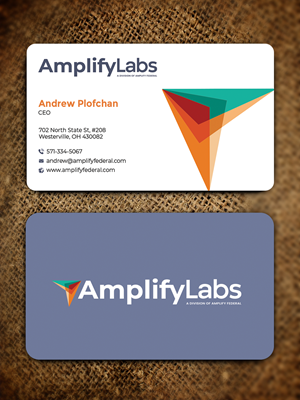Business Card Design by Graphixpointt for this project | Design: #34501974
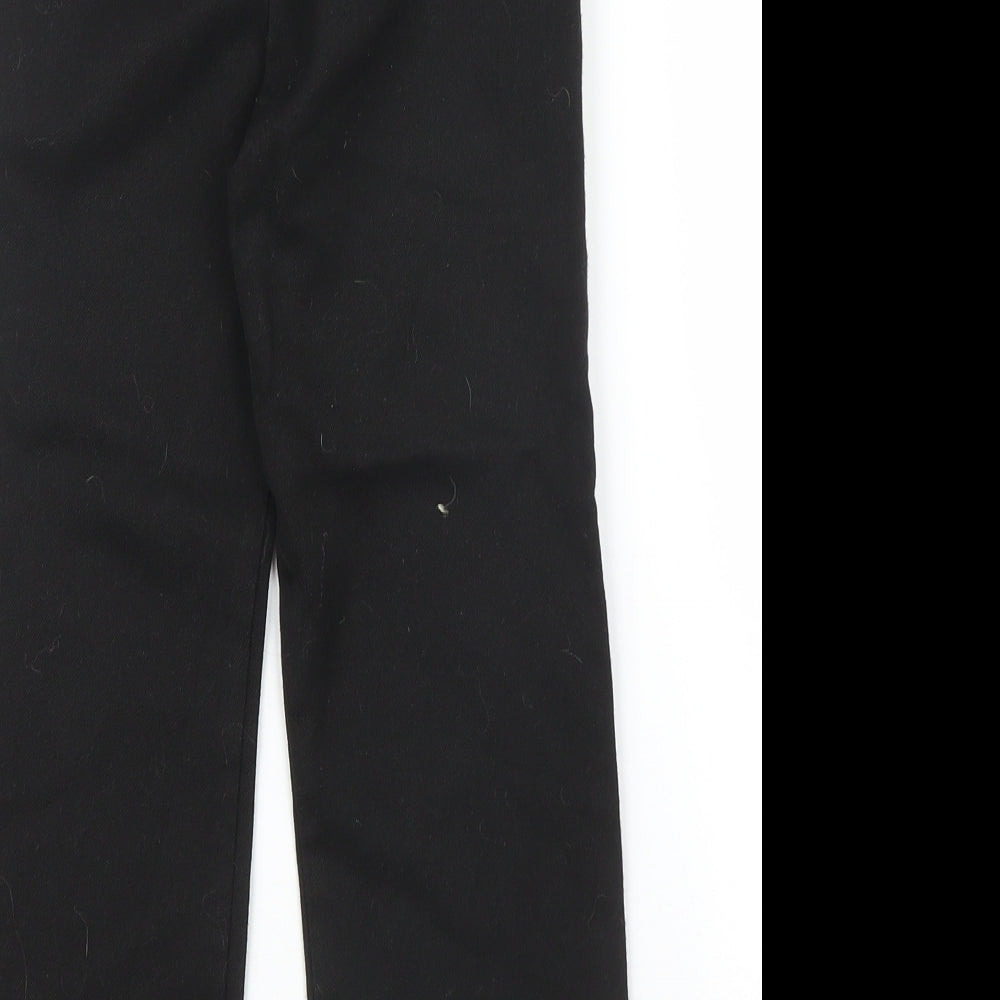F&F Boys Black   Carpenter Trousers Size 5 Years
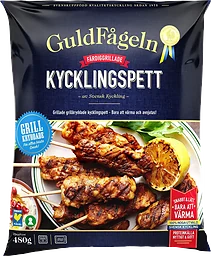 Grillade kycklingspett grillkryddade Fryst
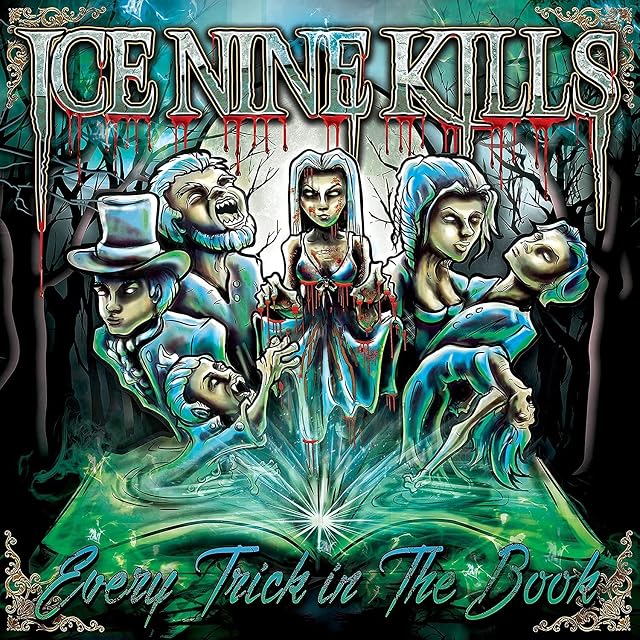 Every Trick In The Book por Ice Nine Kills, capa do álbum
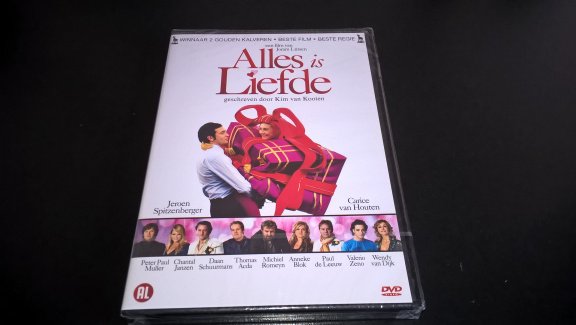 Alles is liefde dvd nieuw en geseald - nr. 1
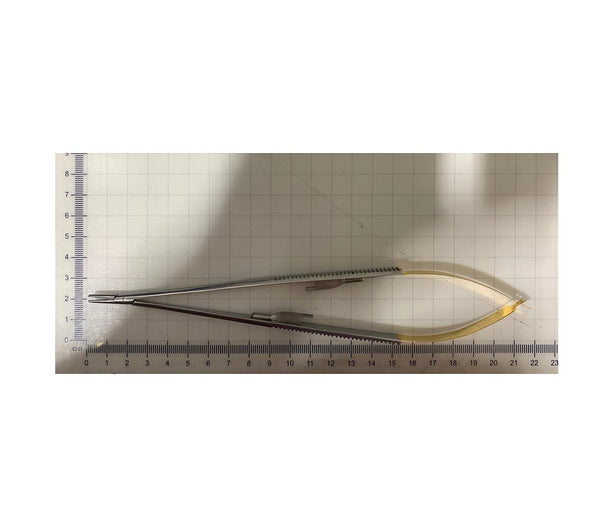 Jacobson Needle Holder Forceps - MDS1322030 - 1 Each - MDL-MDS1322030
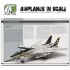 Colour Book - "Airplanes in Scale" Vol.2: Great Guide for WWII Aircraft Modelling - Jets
┄┄┄┄┄┄
_Task to complete_
Hand back the records above exactly, leaving out every picture.

_Solution to the exercise_
Business Card Design by Graphixpointt for this project | Design: #34501974
F&F Boys Black   Carpenter Trousers Size 5 Years
 Grillade kycklingspett grillkryddade Fryst
 Every Trick In The Book por Ice Nine Kills, capa do álbum
 Alles is liefde dvd nieuw en geseald - nr. 1
 Jacobson Needle Holder Forceps - MDS1322030 - 1 Each - MDL-MDS1322030
 Colour Book - "Airplanes in Scale" Vol.2: Great Guide for WWII Aircraft Modelling - Jets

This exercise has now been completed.